Compositionality is older than we once believed
Bonobos and humans descend from an older species in the Hominini taxonomic tribe. (A tribe is rank above genus, but below family in the standard biological naming convention.) The only other member of Hominini is the chimp.
This shared ancestry leads the study’s authors to conclude their work might explain how language evolved in humanity. Co-author Martin Surbeck of Harvard University explained:
Since humans and bonobos had a common ancestor approximately 7 to 13 million years ago, they share many traits by descent, and it appears that compositionality is likely one of them.
This could mean compositionality is an ancient trait. It likely arose millions of years before humanity learned to speak. It’s probably even older than our species itself. Co-author Simon Townsend of UZH said:
Our study therefore suggests that our ancestors already extensively used compositionality at least 7 million years ago, if not more.
More about bonobos
Bonobos also have the nickname “pygmy chimpanzees,” but they’re no smaller than the more widespread chimp (Pan troglodytes). Instead, the name may refer to their habitat. The bonobo lives in the rainforests of the Democratic Republic of the Congo in an area where indigenous hunter-gatherers, primarily the Mbuti (Bambuti) and Batwa (Twa), live. The Forest People of Central Africa, as they’re called today, were once referred to as “African pygmies.”

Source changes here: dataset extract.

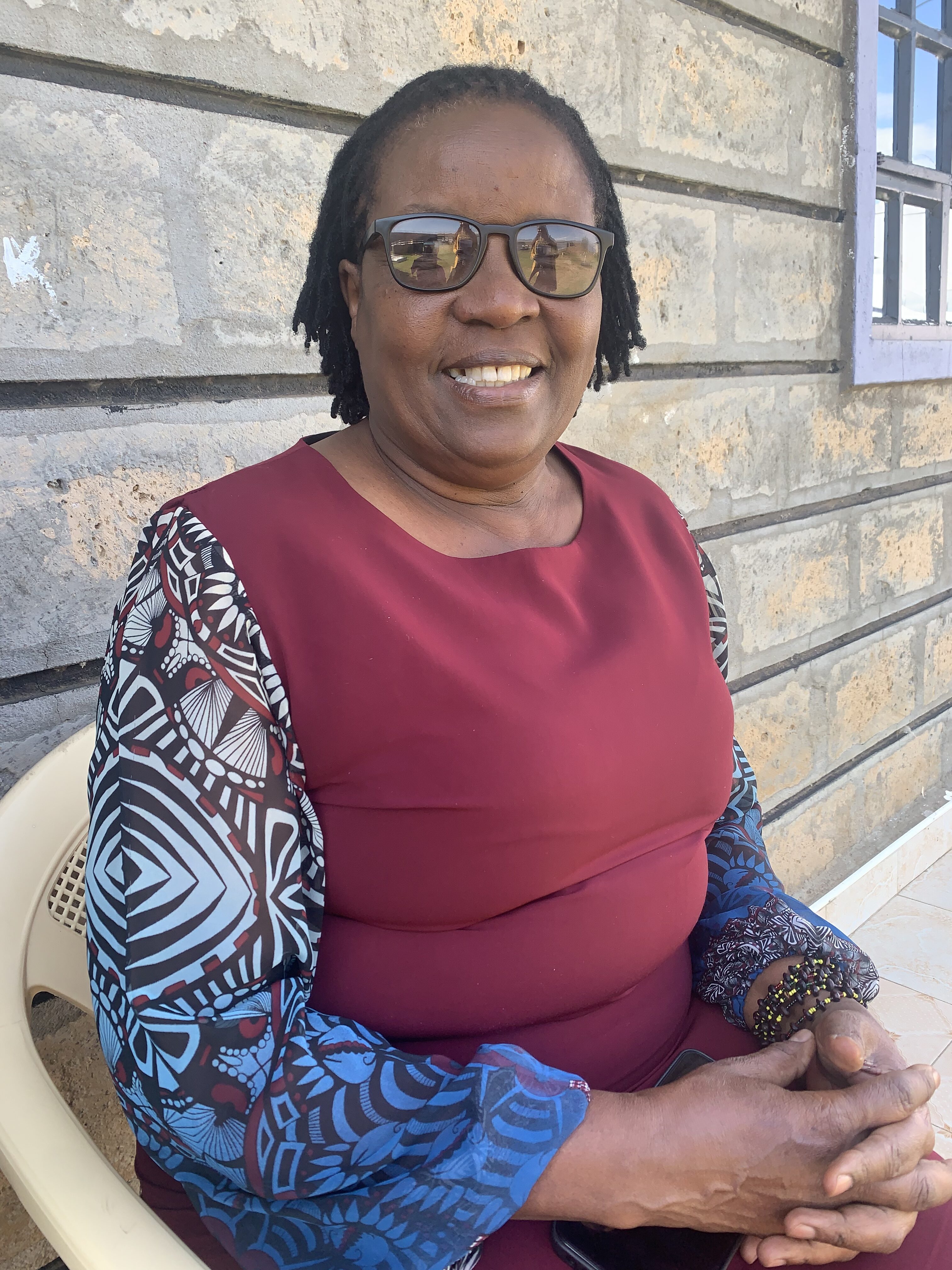 Agnes Ngeno, state dep rep at Osiligi, Narok, Kenya25. Credit Malene Bo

Bonobos are hairier than chimps and longer-limbed, especially in the legs. Although they walk primarily on their feet and knuckles, they also walk upright at times.
Male bonobos are larger than females on average, but the sexual difference is much less pronounced than in other ape species. They also tend to be darker skinned than chimps, with longer hair, especially on their bearded cheeks. They range in size from 60 to 135 pounds (27 to 61 kg), and stand about 4 feet (120 cm) tall.
They’re famously promiscuous apes. Females will mate with any male but their own offspring. Scientists have labeled the species female-centered and egalitarian. Sex often replaces aggression in bonobo social interactions.
Humans and bonobos – and chimps too – share 97.8% of their DNA. So by studying bonobo evolution, we are also studying our own.
Bottom line: The bonobo – humanity’s closest cousin species – can combine its vocalizations for a language with more depth, a characteristic scientists previously thought was unique to humans.